# Different definitions of tangent vector

I'm taking general relativity at the moment, and today in class the instructor gave us a definition of tangent vector as:

$v$ is a tangent vector based at $p\in M$ if $v_{p}$ is a linear combination of the directional derivative $\frac{\partial}{\partial x^\mu}$ $$v=v^\mu \frac{\partial}{\partial x^\mu} \bigg|_{p}$$

He also mention that vectors and directional derivatives are in one-to-one correspondence.
I don't see why this definition is equivalent to the old Calculus definition of tangent vector: That given a curve $\gamma(\tau): (-\epsilon,\epsilon) \rightarrow M$ with parameter $\tau \in (-\epsilon,\epsilon)$ and $\gamma(0)=p$, the components of the tangent vector to the curve at $p$ is $$v^{\mu}=\frac{\partial{x^\mu}}{\partial \tau}\bigg|_{\tau=0}$$

His new definition of tangent vector is a sum, while the old definition is a tuple. I have not yet understood manifolds, so can you explain this in a simple way with examples such that a student of Physics can understand?

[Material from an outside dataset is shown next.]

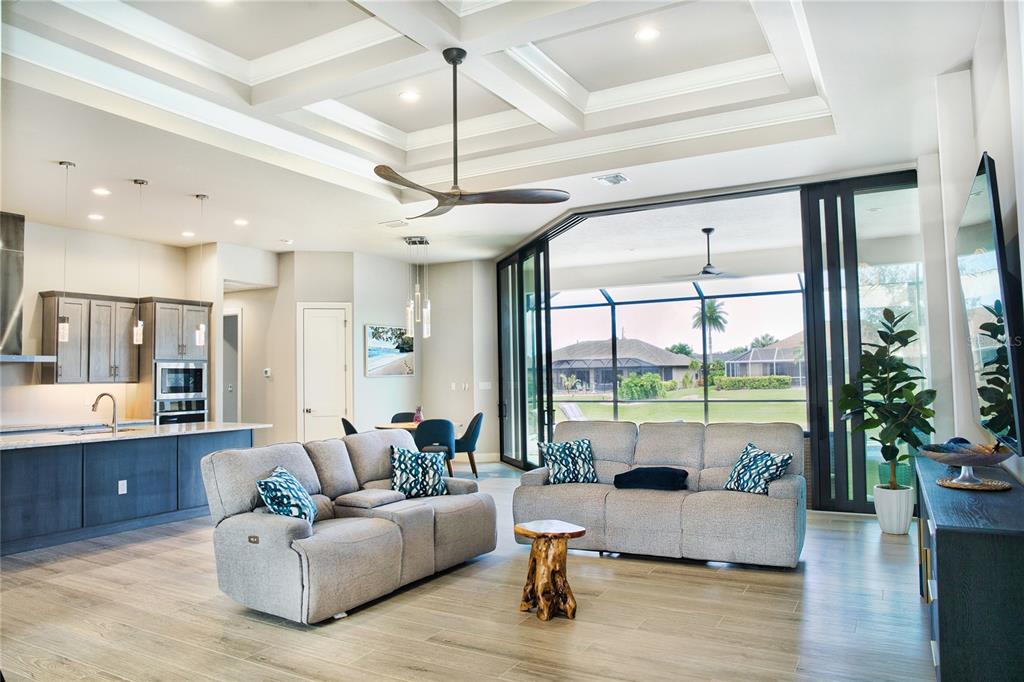 An open-concept living room and kitchen featuring a coffered ceiling and large sliding glass doors — 245 MARKER ROAD, ROTONDA WEST, FL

For $v\in T_pM$, we want to view $v$ as a directional derivative operator. That is, if $c$ is a curve with $c'(0)=v$, then $$v(f) : =\frac{d}{dt} f\circ c(t)$$
Here we must show that $v(f)$ is independent of curve $c$.
(1) Let $w:=(d\phi)^{-1}v$ Then if $c=\phi\circ \alpha,\ \alpha'(0)=w,$ $$v(f)= \frac{d}{dt} f\circ c(t)=\frac{d}{dt} f\circ \phi\circ \alpha (t)=d(f\circ \phi)\ w$$ That is it is independent of curve. But we must consider $\phi,\ w$
(2) $\psi$ is another chart. Then $$v(f)= d(f\circ \psi)\ x,\ x:=(d\psi)^{-1}(v)$$
Here $d(\psi^{-1}\circ \phi)\ w=x$ so that $d(f\circ \psi)\ x=d(f\circ \phi)\ w$. That is it is independent of charts.